■ Task prompt
Quote the material exactly from the line that contains "Pokemon World Championships" through its last line. Any pictures are to be left out.

■ Dataset content
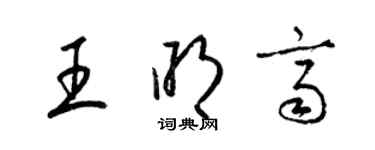 梁锦英王明齐草书个性签名怎么写
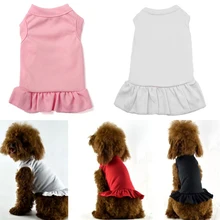 font b Pet b font Dress Plain Dog Shirt Girl Basic Dog font b Clothes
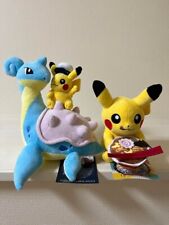 Pokemon World Championships 2023 Yokohama Lapras Pikachu Plush Toy Set New picture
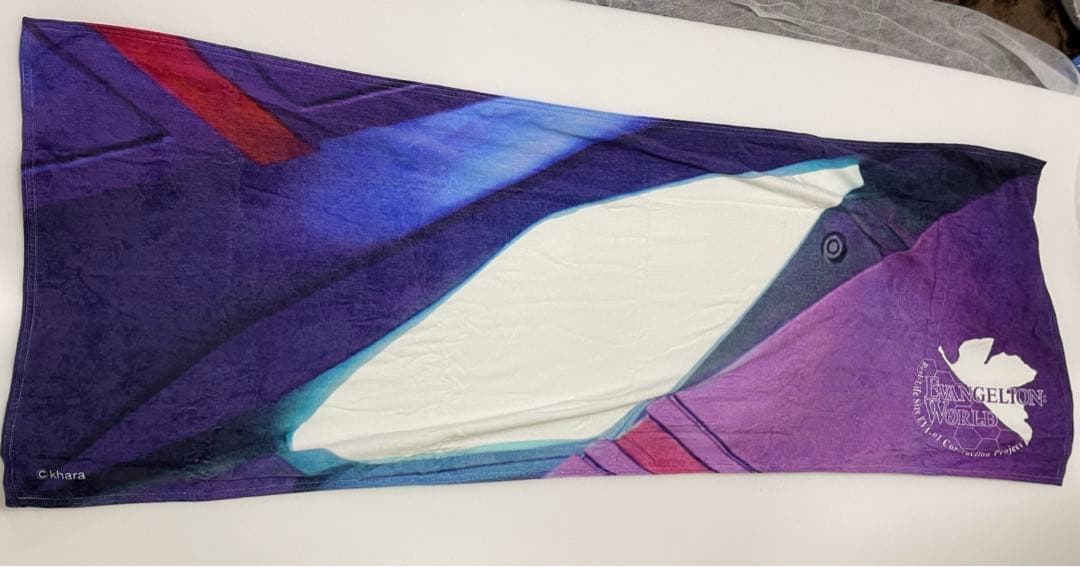 エヴァンゲリオン　バスタオル　ビッグタオル　　エヴァワールド　富士急限定　レア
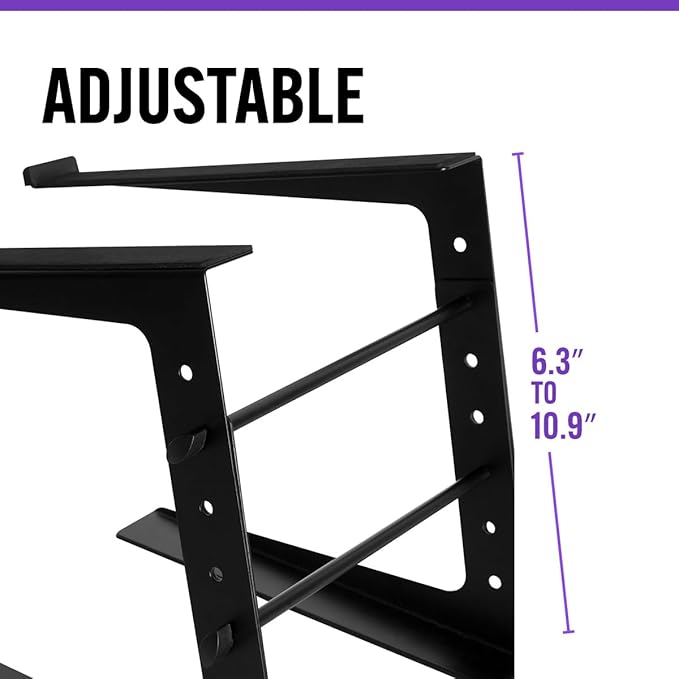 OnStage On-Stage LPT5000 Laptop Computer Stand, Black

■ Task output
 Pokemon World Championships 2023 Yokohama Lapras Pikachu Plush Toy Set New picture
 エヴァンゲリオン　バスタオル　ビッグタオル　　エヴァワールド　富士急限定　レア
 OnStage On-Stage LPT5000 Laptop Computer Stand, Black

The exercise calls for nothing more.